A cemetery is a very quite and peaceful place. It's so hard to even imagine how many people are buried under the ground you are walking over. I try not to walk over the graves because I feel that is disrespectful. I just sat by a tree and pondered for the time about life, and death. I then began reading the assigned reading and it kind of hit me hard. It is sad. I felt a different type of connection. It is as if I realized life is for the living.. but death is for the dead. Which seems pretty self explanatory, but as I sat there it's like I thought about how many people's graves probably don't get a visit from time to time. Or a flower for condolence placed by it... and then I began to think about life after death. It seemed as though for the first time in forever I actually was at a silent place where my thoughts could come to me one by one. It was kind of interesting to say the least. It was as if I saw a cemetery in a whole new light. Not as even though I didn't know anyone, that I found it creepy. I felt sadness, concern, and love for the deceased. I felt a lot of emotions, but I can say that I learned a lot from this experience.

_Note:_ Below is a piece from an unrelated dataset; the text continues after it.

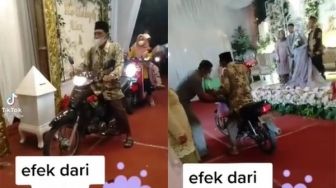 Viral Pernikahan PPKM, Tamu Undangan Drive Thru Gas Motor Sampai Pelaminan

Saturday, February 13, 2010

The Traveling Onion

When first reading the traveling onion I wrote this...
My interpretation of this poem is at first I found it weird that a person would actually write about an onion. The word choice was very unique and as the poem continued I found that the onion had a deeper meaning to the author than I have ever even known or felt about an onion.

When asked to then pick a line from the poem this is the line I chose...
" For the sake of others, disappear.."
I was confused as to who was disappearing, was it the onion.. the person eating the onion.. the author or who?
After speaking with my partner we came to the conclusion that this poem did in fact have a higher meaning than we saw at first read.
I then wrote again that I saw now that those who used onions for a worship object was very important unlike what it was to me. You could pull apart the pieces of this poem just as you can pull a part the pieces of the onion and have it be different pieces that shape your life. You can pull the pieces and cut them up and pull them apart but they are still pieces in your life.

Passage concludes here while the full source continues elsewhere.